8 Name: lonely : 2007-03-07 05:49 ID:uNrz06rB

eh, my post was too long, i made an email there.. for hikki to meet each other.. then we can set up an irc channel. =)

h.instr.seele@gmail.com

or maybe if such a chan exists, plz be kind enough to invite me..

9 Name: A none hikkimori : 2007-03-08 09:14 ID:3nPu7LUm

People maybe hate eachother or whatever.... But we are all humans aren't we... That's what I think... That's why I still have hope on humans... Well yeah there will be lots of bad people in this cold world.... But that made me think.... There are also good people in this cold world... Just waiting to be found. If a person never look for those kind of good people... then the hope is lost... So I think... It's not ok to be isolated... But that's my opinion right.

From: A none hikkimori.

10 Name: Anonymous : 2007-03-18 06:28 ID:CZOhQ0ai

>>1

You're not alone, I share most of your thoughts. How are still doing?

11 Name: Anonymous : 2007-03-19 05:03 ID:yqxwxbs+

>>1

I too share how you feel, even though I don't physically detach myself from the world, I have socially detached myself.

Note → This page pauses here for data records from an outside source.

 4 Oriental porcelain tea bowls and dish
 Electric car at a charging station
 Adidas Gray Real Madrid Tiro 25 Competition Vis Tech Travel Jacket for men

I have pretty much no friends, and only interact with people when I absolutely have to. It's a hard life, because you know that something is wrong and you need to do something about it. I try to find the good in people and try to meet people, but I end up disgusted a lot of times...

I once went to some sort of club trip, and one person had passed out in the bathroom, he could have stopped breathing or worse...but nobody cared. People were told to be quiet or help get the door open, but nobody did anything, they didn't want their good time ruined, they continued drinking and ignored the people as if they were just an annoyance.

I found myself so disgusted by this. However, I forgot that there were at least two people that cared about this person.

However, I don't think I exactly qualify as a hikki because I don't physically shut myself in...I just socially distance myself from people.

12 Name: Anonymous : 2007-03-20 14:56 ID:TWF+NATJ

>>1

I went through the exact same situation in middle school and early high school. I had a nervous breakdown and everything. I was probably the sweetest and most senstive girl you could meet, but I had to adapt. It was hard as hell. These days I can stomache visiting /b/ and manage to have some empathy. You have to not let yourself let be affected by what other people do. You can't let those people control you from a distance. Those people don't even know you exist. Losing your sensitivity doesn't mean losing your empathy.

Number 6 is right. There are good people out there in the world. There is some goodness out there; I've experienced it.

Also, when nobody is doing good then do it yourself. Such as the experience in Number 11's post. The right thing to do is to try to get the person to the hospital yourself. Drag him. Call an ambulance. Do the right thing. Those guys might laugh at you, but who cares. This is why it's important to not be so senstive. Doing the right thing takes a lot of sacrifices and some people are just not willing to do it. Don't be that person.